Le chaos atteint son paroxysme. Pour le plus grand bonheur de l’ambitieux local Thomas Médina, qui rêve d’être calife à la place du calife et se promène fièrement dans Dax en annonçant déjà son accession à la présidence. Pompier-pyromane par excellence.
Les grands oubliés : joueurs et salariés de l’US Dax
Les minutes à venir infirmeront ou confirmeront cette situation. Mais dans ce fatras de justifications brandies « pour le club », une réalité est trop souvent oubliée. Ce sont des joueurs professionnels et des salariés qui jouent leur avenir. Et tout le monde semble l’avoir perdu de vue.
Reste enfin le « léger détail » des finances. Une perte non budgétée d’environ 1 M€ (corrections A2R incluses). Plus de 800 000 € de prud’hommes et de redressement URSSAF. Et des garanties financières à verser par les actionnaires avant la fin de la semaine, sous peine de relégation.
Espérons que les poches soient suffisamment profondes.
[Update 17/12 21h] Une victoire à la Pyrrhus
L'AG s'achève dans une ambiance délétère.

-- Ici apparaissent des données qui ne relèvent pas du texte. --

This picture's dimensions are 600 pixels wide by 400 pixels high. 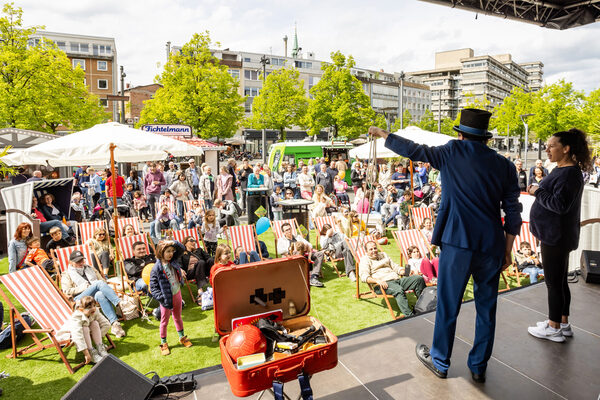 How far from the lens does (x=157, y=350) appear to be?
4.89 metres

Comme prévu.
Une charge violente contre le président Gufflet, qui voit l'ensemble de ses manoeuvres mise au grand jour... Qui démissionne et retire ses garanties...

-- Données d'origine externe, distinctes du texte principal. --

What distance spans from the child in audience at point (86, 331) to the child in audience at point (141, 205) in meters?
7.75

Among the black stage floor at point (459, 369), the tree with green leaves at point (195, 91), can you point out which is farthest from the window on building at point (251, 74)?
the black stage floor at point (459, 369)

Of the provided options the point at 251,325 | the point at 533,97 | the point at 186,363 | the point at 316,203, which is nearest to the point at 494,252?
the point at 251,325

Un CAC qui indique que les comptes produits ne sont pas les bons, et qu'il déclenche une procédure d'alerte et "article 40". Autant dire que l'ARR va être ravie et l'effet sur la commission d'appel va être merveilleux.
Le dénigrement tout en élégance des porteurs de l'offre de relance, par un Gérard Cazaux mis aux commandes "pour gérer les affaires courantes", lui-même instrumentalisé par l'avocat d'origine landaise Arnaud Dupin, visiblement pris de passion pour son club de coeur...
Le cynisme du "parrain" Jacquemain, intimidant la DAF qui attend son entretien préalable...
Les 8 administrateurs (Cazaux Medina Ponteins Celhaye Pecastaing Astaggiano Maye Coco), dont l'un est l'objet de l'article 40 du CAC (devinez qui ?) comme des ravis de la crèche, revenant aux affaires comme un cadeau de Noël...
Une prochaine AG le 2 janvier prochain pour valider ces candidatures conformément aux statuts... Et d'ici là "quelques" sujets financiers, en jouant avec la tirelire du parrain probablement.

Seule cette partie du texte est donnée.